Proper way to load large NumPy files as training samples

UCDuan · October 15, 2020, 5:42pm

Hi all,
I’m new to PyTorch and I’m using a CNN for classification. The input sample is 192*288, and there are 12 channels in each sample. So each input sample will be around 2MB. I noticed there are some discussions about load data lazily, so I tried the following dataset.

class FileDataset(Dataset):
    def __init__(self):
        super(FileDataset, self).__init__()
        self.Path = 'test_dataset/whole/'
        self.pos_files = os.listdir(self.Path+'positive')
        self.p_files = [os.path.join(self.Path+'positive', i) for i in self.pos_files]
        self.neg_files = os.listdir(self.Path + 'negative')
        self.n_files = [os.path.join(self.Path + 'negative', i) for i in self.neg_files]
        self.files = self.n_files+self.p_files
    def __len__(self):
        return len(self.files)
    def __getitem__(self, item):
        path = self.files[item]
        x = np.load(path); # print(x.shape)
        x_t = torch.from_numpy(x)
        return x_t

The data loading speed in DataLoader is very slow. GPU and CPU usage are both low.

I have also tried memmap in NumPy and HDF5. Still, the speed is not acceptable. The code is something like the following.

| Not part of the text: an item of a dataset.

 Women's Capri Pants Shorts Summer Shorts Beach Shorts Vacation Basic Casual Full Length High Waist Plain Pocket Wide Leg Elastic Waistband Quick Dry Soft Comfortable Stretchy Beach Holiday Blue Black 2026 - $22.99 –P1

class MmapDataset(Dataset):
    def __init__(self, ens, train=True):
        super(MmapDataset, self).__init__()
        if train:
            self.x = np.memmap('large_test'+ens, mode='r', shape=(9760, 12, 192, 288), dtype='float32')
            self.y = np.load('data/classification/Q850_train_y'+ens+'.npy')
        else:
            self.x = np.memmap('large_test_val'+ens, mode='r', shape=(610, 12, 192, 288), dtype='float32')
            self.y = np.load('data/classification/Q850_test_y' + ens + '.npy')
    def __getitem__(self, item):
        x = self.x[item]
        x = torch.from_numpy(x)
        y = self.y[item]
        return x, y
    def __len__(self):
        return self.x.shape[0]

I tried to create a huge memmap file or hdf5 file, and create several smaller files and use ConcatDataset. The results are similar.

Does anyone have any idea about the potential improvement?
Thanks in advance!

albanD · October 15, 2020, 9:12pm

Hi,

You might want to use torch.save/torch.load directly to reduce intermediary states in the loading.
Also adding more workers to the dataloader will help with loading things faster.
Finally, make sure to use an ssd if possible as it makes huge difference compared to a spinning disk.

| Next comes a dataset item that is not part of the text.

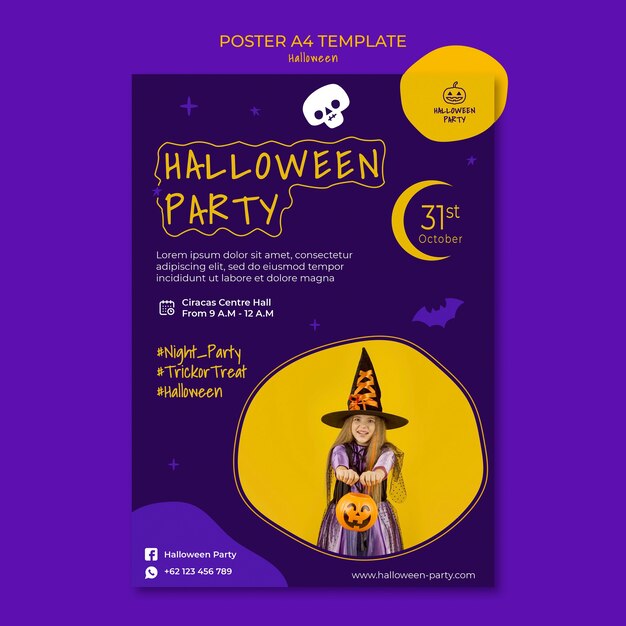 Modello di stampa verticale per la festa di Halloween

UCDuan · October 15, 2020, 9:51pm

Hi thanks for your reply.

Do you mean I should save the data with torch.save instead of NumPy files? I tried different number of workers, but it is still slow.

albanD · October 15, 2020, 10:21pm

Yes you can save it in torch format to make sure that you don’t need the extra hop when loading between numpy and torch.

Reading many small files from disk is slow (especially for spinning disks) there is no way around that I’m afraid. You can increase the number of workers until it starts slowing down. But beyond that there isn’t much you can do if you dataset doesn’t fit in memory.